-46-

80 5 8
                                    

Mikrofon bana uzatıldığında elim titreyerek almıştım. Asran'ın sözlerinin kelimesi kelimesine doğru olduğunu biliyordum, fakat benim burada insanlara söyleyebileceğim hiçbir şey yoktu. Yalan da söyleyemezdim, habercilerin her anımızı kaydettiğinin farkındaydım. Baybars'ın beni saçma sapan şeyler söylerken görmesine müsaade edemezdim.

Bütün salon dikkat kesilmişti, çıt çıkmıyordu. Herkes bana bakıyordu, ve ben elimde eğreti duran mikrofonu boyun hizamda tutmuş, bakışlarımı masaya indirmiş öylece duruyordum. Bu durumun ne kadar yakışıksız göründüğünün farkındaydım, özellikle de gerçekten evlendiğimizi sanan insanlar açısından.

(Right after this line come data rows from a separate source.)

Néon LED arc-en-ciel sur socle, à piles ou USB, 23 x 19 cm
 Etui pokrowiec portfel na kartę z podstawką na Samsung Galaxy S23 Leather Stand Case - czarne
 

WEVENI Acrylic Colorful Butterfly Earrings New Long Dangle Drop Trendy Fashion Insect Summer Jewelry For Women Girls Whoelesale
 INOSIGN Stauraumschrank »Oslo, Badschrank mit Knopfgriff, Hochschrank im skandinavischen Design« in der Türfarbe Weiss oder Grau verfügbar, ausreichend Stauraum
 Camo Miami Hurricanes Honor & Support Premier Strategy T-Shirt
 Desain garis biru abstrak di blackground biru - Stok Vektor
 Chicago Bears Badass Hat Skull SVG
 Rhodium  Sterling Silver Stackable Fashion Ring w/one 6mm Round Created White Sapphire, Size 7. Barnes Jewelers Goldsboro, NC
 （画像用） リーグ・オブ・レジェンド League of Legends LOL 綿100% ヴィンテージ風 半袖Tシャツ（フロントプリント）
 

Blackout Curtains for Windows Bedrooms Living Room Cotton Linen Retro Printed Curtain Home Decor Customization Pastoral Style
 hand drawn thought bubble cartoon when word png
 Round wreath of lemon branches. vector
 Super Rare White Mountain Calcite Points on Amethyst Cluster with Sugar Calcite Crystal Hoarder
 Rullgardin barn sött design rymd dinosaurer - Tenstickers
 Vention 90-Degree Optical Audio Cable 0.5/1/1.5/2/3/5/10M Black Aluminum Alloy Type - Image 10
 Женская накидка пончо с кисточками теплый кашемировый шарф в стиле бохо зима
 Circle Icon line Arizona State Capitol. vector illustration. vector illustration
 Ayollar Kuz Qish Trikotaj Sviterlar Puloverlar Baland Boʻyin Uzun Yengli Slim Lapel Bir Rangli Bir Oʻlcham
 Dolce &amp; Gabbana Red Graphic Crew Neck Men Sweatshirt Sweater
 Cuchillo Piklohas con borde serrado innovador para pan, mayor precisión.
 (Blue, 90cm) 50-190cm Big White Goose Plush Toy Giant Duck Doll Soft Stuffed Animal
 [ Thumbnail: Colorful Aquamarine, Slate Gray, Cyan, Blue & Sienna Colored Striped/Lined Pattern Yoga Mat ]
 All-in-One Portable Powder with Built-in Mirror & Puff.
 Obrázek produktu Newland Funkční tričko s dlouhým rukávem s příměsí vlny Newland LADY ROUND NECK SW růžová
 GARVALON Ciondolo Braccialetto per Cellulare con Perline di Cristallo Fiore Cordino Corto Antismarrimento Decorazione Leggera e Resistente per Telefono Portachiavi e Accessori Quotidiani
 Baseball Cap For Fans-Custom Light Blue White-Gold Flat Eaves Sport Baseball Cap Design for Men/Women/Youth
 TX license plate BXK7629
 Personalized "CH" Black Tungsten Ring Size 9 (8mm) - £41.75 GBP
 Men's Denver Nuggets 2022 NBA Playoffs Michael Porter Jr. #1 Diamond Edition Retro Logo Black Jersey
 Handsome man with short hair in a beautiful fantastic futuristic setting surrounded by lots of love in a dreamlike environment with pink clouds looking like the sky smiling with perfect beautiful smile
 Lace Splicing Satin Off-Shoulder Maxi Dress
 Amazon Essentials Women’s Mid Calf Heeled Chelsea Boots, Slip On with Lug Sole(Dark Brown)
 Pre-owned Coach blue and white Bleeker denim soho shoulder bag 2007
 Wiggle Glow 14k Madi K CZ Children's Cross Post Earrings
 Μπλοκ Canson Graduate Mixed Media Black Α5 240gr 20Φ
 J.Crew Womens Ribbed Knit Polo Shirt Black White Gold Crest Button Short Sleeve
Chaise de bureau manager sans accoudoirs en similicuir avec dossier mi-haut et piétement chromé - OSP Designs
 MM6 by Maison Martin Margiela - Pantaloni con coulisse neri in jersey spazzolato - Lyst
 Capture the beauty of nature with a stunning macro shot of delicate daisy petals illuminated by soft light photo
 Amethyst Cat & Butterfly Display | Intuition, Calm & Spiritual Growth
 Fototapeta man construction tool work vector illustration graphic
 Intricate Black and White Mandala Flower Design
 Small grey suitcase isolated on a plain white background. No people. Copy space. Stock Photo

Dudaklarımı birbirine bastırıp göz ucuyla Yönetici'ye doğru baktım. Kaşları hafifçe çatılmıştı, şüphelenmiş gibi bakıyordu sanki.

Sonra başımı biraz kaldırıp Asran'a baktım, gözlerimi yukarı kaydırıp yüzüne çevirdim. Benden bir şey ister gibi bakmıyordu, suçlar gibi veya sabırsızlanmış gibi de... Gözlerinde gördüğüm tek şey, meraktı. Bu sessiz anı sonsuza dek sürdürsem bile bekleyecekmiş gibi bir merak.

Kulağıma eğilen kadını fark ettiğimde irkilmiştim, bana doğru fısıldadı.
"Heyecanınızı anlıyorum, fakat nikahı bekletmek uğursuzluk getirir."

Gözlerimi devirmemek için kendimi tuttum, bir an önce buradan kurtulmak istediğini bu şekilde dile getirmişti çiçekli kadın.

Yavaşça boğazımı temizledim, bir şeyler söylemem gerektiğinin ve zamanın aleyhime işlediğinin farkındaydım. Asran'la ilgili hislerimi söylemem gerekiyordu. O halde dürüst olacaktım, gerektiği kadar.

Yüzümü tekrar Asran'a çevirip mikrofonu dudaklarıma yaklaştırdım.
"Sen benim bu hayatta güvenebildiğim sayılı insanlardansın."

Bir alkış yükseldi, bu öyle beğeni dolu bir alkış değildi, ayıp olmasın diyeydi sanki.

"Aramızdaki güven bağının bir ömür sürmesini istiyorum. Çünkü ben seni kaybetmek istemiyorum."

Kalabalık sözlerimi tekrar alkışlarken Asran'ın bakışlarında şefkatli bir ifade oluştu, burukça gülümsemişti. Söylediklerimde samimi olduğumu biliyordu.

Evet, söylediklerimde samimiydim. Ona güveniyordum, bu güvenin sonsuza dek sarsılmamasını istiyordum. Buna gerçekten ihtiyacım olması bir yana, Asran'ın hep hayatımın bir köşesinde olmasını istiyordum. Ondan defalarca kez nefret ettim evet, son bir ayda boğazlamayı düşündüğüm bile oldu. Fakat durup baktığımda hepsinin geçici olduğunu anlamıştım. Ne zaman ve nasıl oldu bilmiyorum, ben onun varlığına alıştım. Hatta onun varlığını bir ihtiyaç haline getirdim. Hayatımdan çıkarsa eksik kalacağımı biliyorum.

Önümüze koyulan parşömen benzeri kağıtta evlilikle ilgili maddeler sıralıydı. Fazlasıyla klasik, sevgi, güven, hoşgörü zırvalıklarını içeriyordu. Altına attığımız imzalarla da bu konularda birbirimize söz verdiğimizi bildiriyorduk. İkimiz de okumadan hızlıca imzaları attığımızda, artık kanunlar önünde evliydik.

Alkışlar yükseldi, kağıdı alan kadın kocaman gülümseyerek bizle tokalaştı, tebrik etti. Ardından orkestra slow, duygusal bir şarkı çalmaya başladı. Kadın da bize eliyle yükseltinin ön tarafını işaret etmişti. Dans edecektik.

Asran'ın bana elini uzattığını fark ettim, çekinerek tuttum elini. Bütün bu prosedürlere mecbur olduğumu biliyordum, çocuk gibi itiraz edecek değildim. Masadan dört-beş adım uzaklaştık, Asran iki elini usulca belime yerleştirdi. Ben de parmak uçlarımı amatörce onun omuzlarına koydum. Dans etmekten anlamazdım, hoşlanmazdım da.

Herkes bizi izliyordu, kameraların flaşları sürekli üzerimizde patlıyordu. Ve ben, uyum sağlamak için hiç olmadığı kadar kasıyordum kendimi.